Ist das die neue Jumpline?


----------



## reo-fahrer (30. August 2022)

Zweiradfahrer schrieb:


> Ist das die neue Jumpline?



 und das was anstelle der Biker-X entstanden ist ist dann nur ein neuer Flowcountry-Versuch


----------



## Voltage_FR (30. August 2022)

Die aller Letzen Meter sind schon länger nach rechts umgeleitet, weil es da unten regelmäßig gekracht hat, wenn die Leute von der DH angeschossen sind und unten an der Tableline standen auch welche...


----------



## reo-fahrer (30. August 2022)

die Umleitung nach Rechts so mittig auf die Table-line zu statt geradeaus kenn ich schon, aber der Rest von der (alten) Mittelstation/Schotterweg bis runter ist woh auch neu gemacht worden mit der "Jumpline"? Da fehlten ja doch etlliche Steine und es gab neue Sprünge.


----------



## Deleted 283425 (31. August 2022)

Ja. Ist jetzt viel glatter.

Wie auch manches zB auf der Enduro 2.

Damit auch weiterhin die Stürze mit Helikopter- und Bergwachteinsatz nur auf der Flowcountry passieren.


----------



## MTB-News.de




----------



## FJ836 (31. August 2022)

JohSch schrieb:


> Ja. Ist jetzt viel glatter.
> 
> Wie auch manches zB auf der Enduro 2.
> 
> Damit auch weiterhin die Stürze mit Helikopter- und Bergwachteinsatz nur auf der Flowcountry passieren.

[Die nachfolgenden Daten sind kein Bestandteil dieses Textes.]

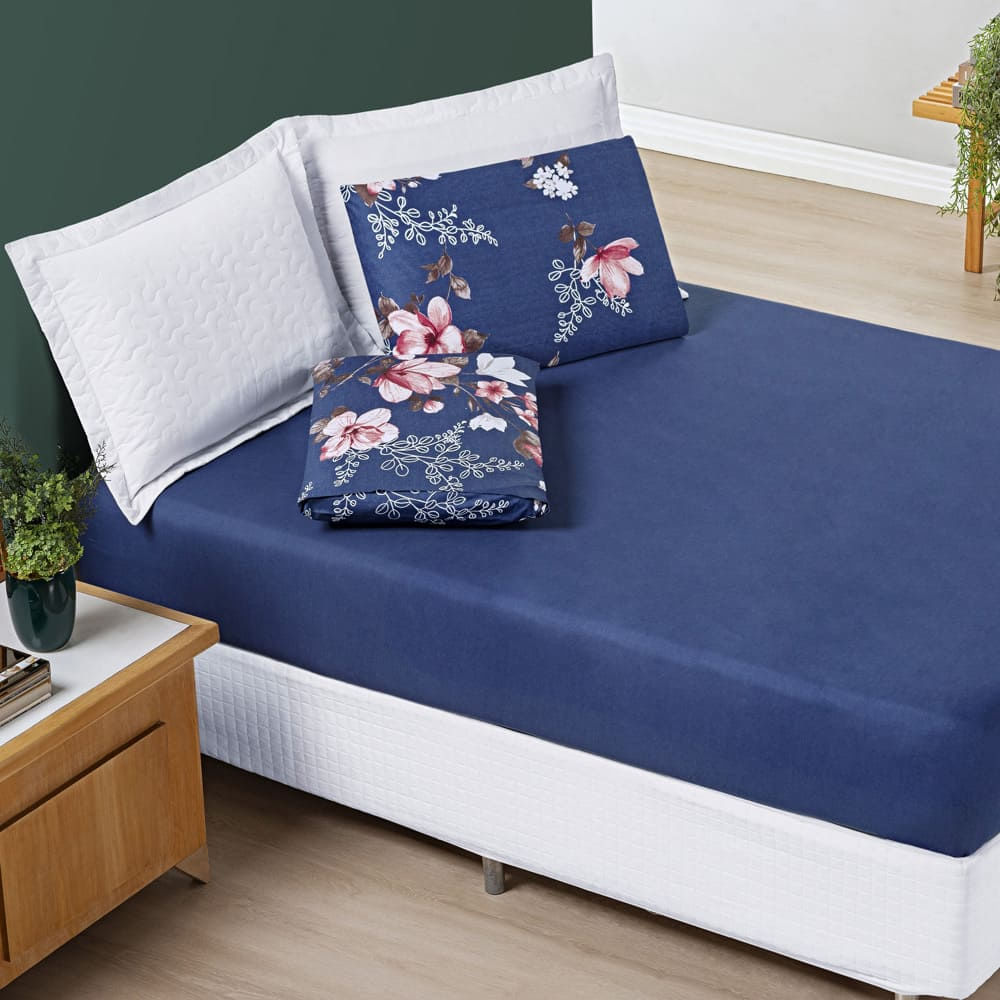 Jogo de Lençol Júlia King 3 Peças Micropercal 200 Fios Floral - Encantada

Jo den „Aussichtsfelsen“ auf der Enduro 2 ham sie leider komplett uninteressant gemacht: super schade.

Die restlichen Veränderungen auf der Enduro 2 sind eher Instandhaltungsmaßnahmen die sich wieder einfahren werden bzw. Lassen sich solche Stellen ned anders reparieren, als sie erst mal zu glätten.


----------



## FJ836 (31. August 2022)

Voltage_FR schrieb:


> In wenn sie bald wieder schließen werden



In Herbst hab ich noch keinen extrem vollen Tag erlebt.


----------



## rgb-trailhunter (5. September 2022)

weiß jemand ob die Betreiber kapiert haben das die Jumpline die goldene Himbeere gewonnen hat?! 
Wahnsinn wie schlecht die gebaut ist...man kann bei den Preisen nur hoffen das nächste Saison andere Shaper an die Strecke ran dürfen.
Der DH hat das Shapen im unteren Stück gut getan...die kaputten Landungen der Sprünge waren ja nicht mehr feierlich  + gefährlich. Die langgezogene Rechtskurve (Anlieger) waren für das Rad härter als die gesamte Strecke...
Enduro2 passt doch?! Bissl pflegen undGefahrenstellen entschärfen sollte schon erlaubt sein!


----------



## Voltage_FR (5. September 2022)

Wenn es Socialmedia-Team nicht schläft, sollten sie das mitbekommen haben. Sagen schon regelmäßig Leute, wie schlecht es ist .


----------



## reo-fahrer (5. September 2022)

wenn die jetzt noch in Spicak ihre "Interpretation" von "Flowtrail" überarbeiten abreißen und neu bauen, könnte zumindest dort irgendwann wieder was werden, so ist Spicak leider auch irgendwie raus 

Bilder und Kommentare hier https://www.instagram.com/p/ChpKhJiKOox/ sagen eigentlich alles.


----------



## FJ836 (5. September 2022)

rgb-trailhunter schrieb:


> Enduro2 passt doch?! Bissl pflegen undGefahrenstellen entschärfen sollte schon erlaubt sein!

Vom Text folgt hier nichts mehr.